Garth Stanish looks at how businesses respond to their own mistakes.
Sidney Finkelstein's Why Smart Executives Fail should be required reading for all executives and board members.
A central theme of Finkelstein's book is that every organisation makes mistakes, especially if it is creating new ventures or otherwise dealing with innovation or change.
The lasting damage doesn't come from the mistake but rather the response to the mistake. Mistakes tend to come in clusters and the response to problems often makes them worse.
The reasons for this are manifold, but often involve executive mindsets that have a patchy relationship with reality and a lack of any will or skill within the business to challenge awry thinking.
Recent issues in some New Zealand listed companies have created concerns that organisations, both big and small, are not reacting well to mistakes and have highlighted the need for all aspects of a company's performance to be aligned and working effectively.
Management must be able to communicate clearly with the board and the board must understand the company and be able to provide appropriate oversight. The company must be open in interacting with its external advisers, most notably its auditors.
Auditors are not supposed to be making a silk purse out of a sow's ear and should be provided with a competently prepared set of financial statements. They can then stress-test those results and provide assurance that those statements give an accurate financial picture of the company.
Disclosure to investors should be clear, concise and effective, not opaque and voluminous.

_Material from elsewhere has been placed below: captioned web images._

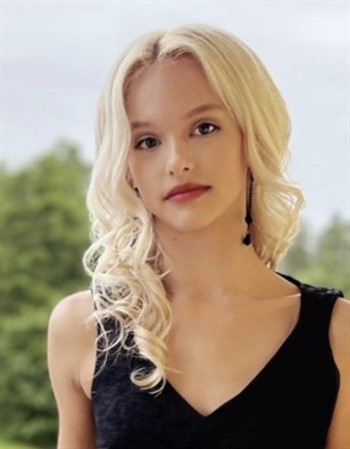 Profile picture of Eva Gravere
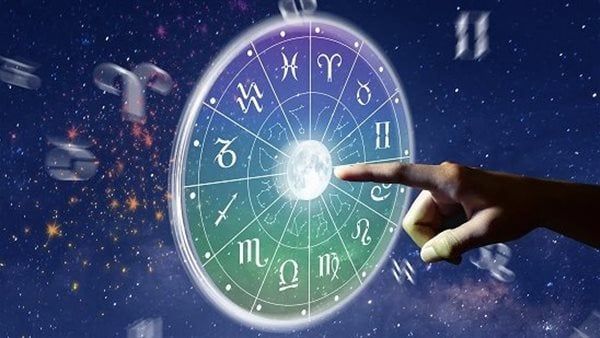 حظك وتوقعات الأبراج الجمعة 1-12-2023 أبراج السرطان والأسد والعذراء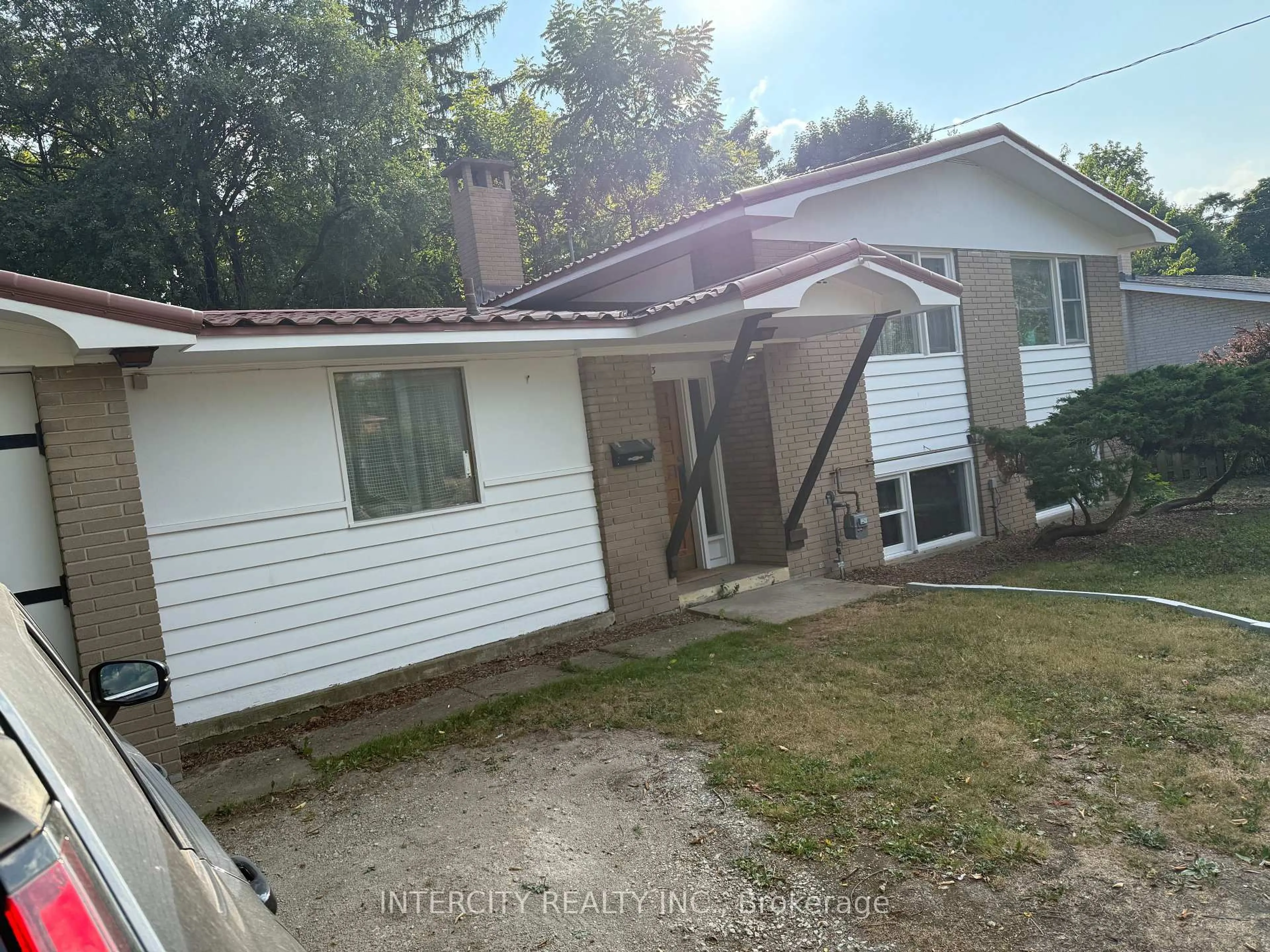Unknown for 63 Centre North St, Brampton Ontario L6V 1T1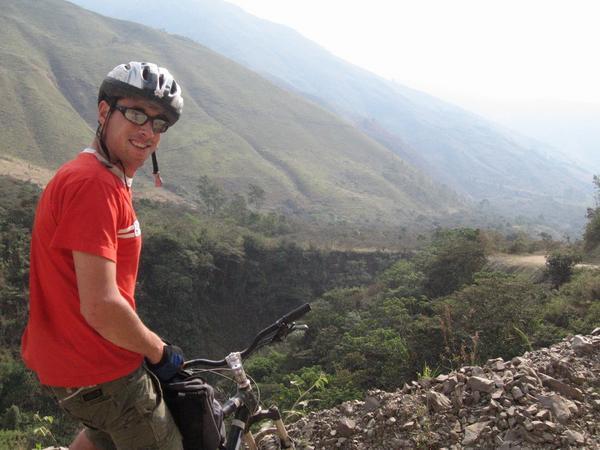 Mountain Biking towards Macu Picchu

Organisations need to constantly challenge themselves and respond to feedback they receive. One excellent source of feedback is regulatory interactions. Regulation is not a barrier to business success. Regulation is necessary for sustainable and transparent markets.
Companies should take regulatory inquiry as a valuable check on their own internal biases. In most cases the questions the regulator is asking are questions that should have been asked internally already.

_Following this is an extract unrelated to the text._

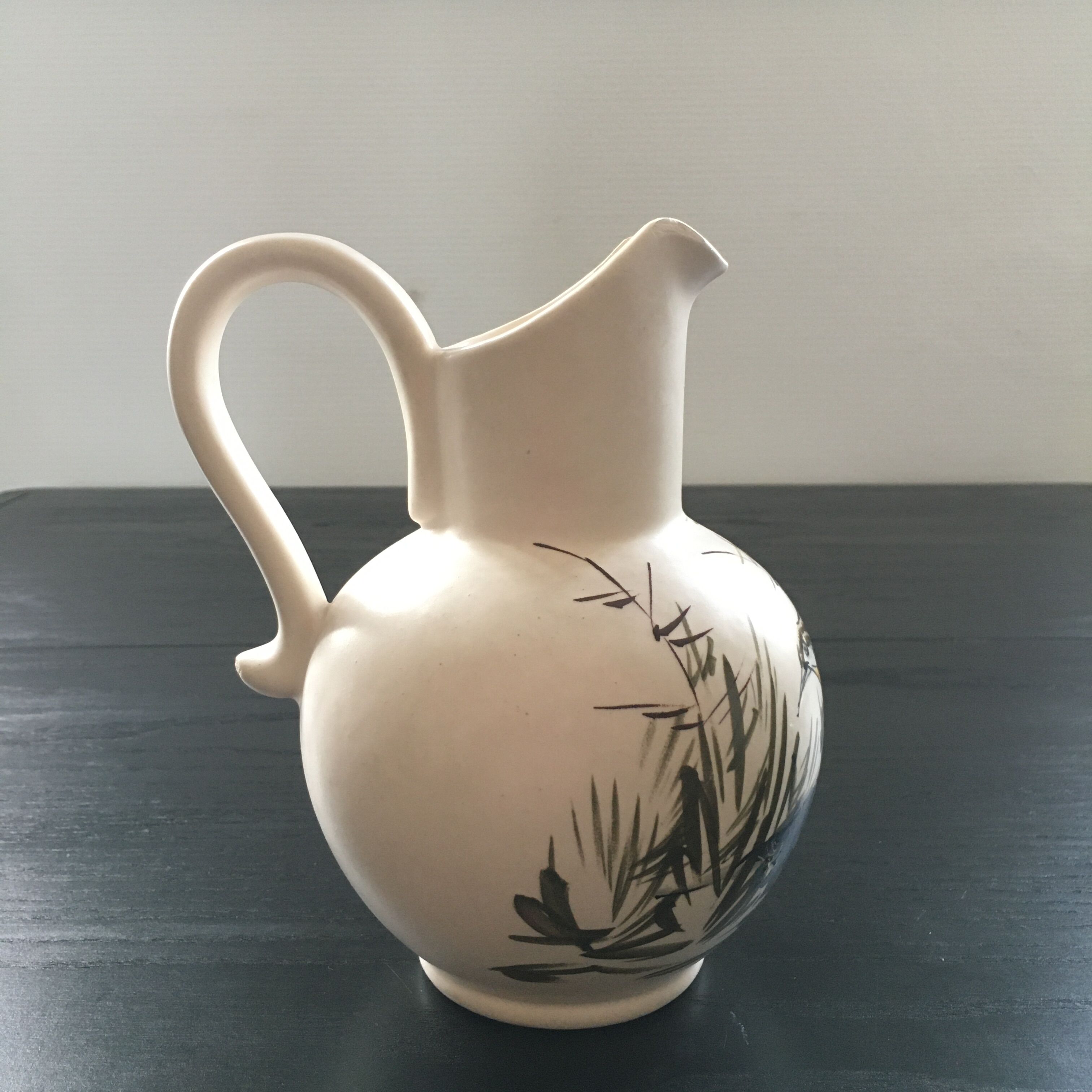 Widgeon decoration pitcher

We have always emphasised that the FMA is a regulator that understands regulation is not an end in itself and that regulators must work with industry to ensure there are good outcomes for investors. We have no desire to transform into a "shoot first and ask questions later" regulator. Constructive engagement will always be our stock in trade.
However, our patience with some aspects of corporate attitude is running thin.
For example, while it is true that entities ultimately own their own disclosure, it is also true that those disclosures take place in a regulated environment. Whether that's the regulated offer regime, which emphasises clear, concise and effective disclosure, or in the listed environment, which requires material information to be released to the market in a timely way.
Responses to regulatory queries that start from the proposition that the entity knows its business and that questioning it is somehow impertinent are not helpful. Nor are responses that are like quicksilver, shimmering into exotic new shapes at every opportunity. Responses that don't address customer outcomes at all are sub-optimal.
Lawyers can be value-additive or a block to a good outcome, depending on their quality and ability to see the wood for the trees.
There is too much emphasis placed on policies and procedures and broad assertions of good governance or culture, and not enough on how these policies or concepts actually work. Responses should gravitate toward the demonstrable, not the abstract.
These are not salad days in the capital markets and a complacent attitude of business-as-usual will not suffice to retain and build the investor confidence required to sustain these markets. For example, we have actively encouraged NZX to promote a new continuous disclosure listing rule that will impose a constructive knowledge standard on boards so they are caught where there are situations where they ought to have reasonably known that disclosure was required. This will do no more than codify good business practice.
We understand there is some opposition to this in the listed sector. Suffice to say, given some recent issues we find this surprising to say the least.
The tension between constructive engagement and direct intervention with the market is a permanent debate within the FMA to ensure we get that balance right. A worrying aspect of recent events is that the lessons of the finance company cases appear not to have been well-learnt.
The last thing anyone wants is for the regulator to take a knee-jerk lurch into regulation for regulation's sake, but it is also crucial that investors' trust in the market and its regulation be maintained.
Our expectation is that standards of conduct will rise over time and companies will get more efficient at providing for better customer outcomes. As the conduct regulator, our desire to assist entities achieve better customer outcomes remains as strong as ever, but we are prepared to act should the outcomes we consider appropriate not be occurring.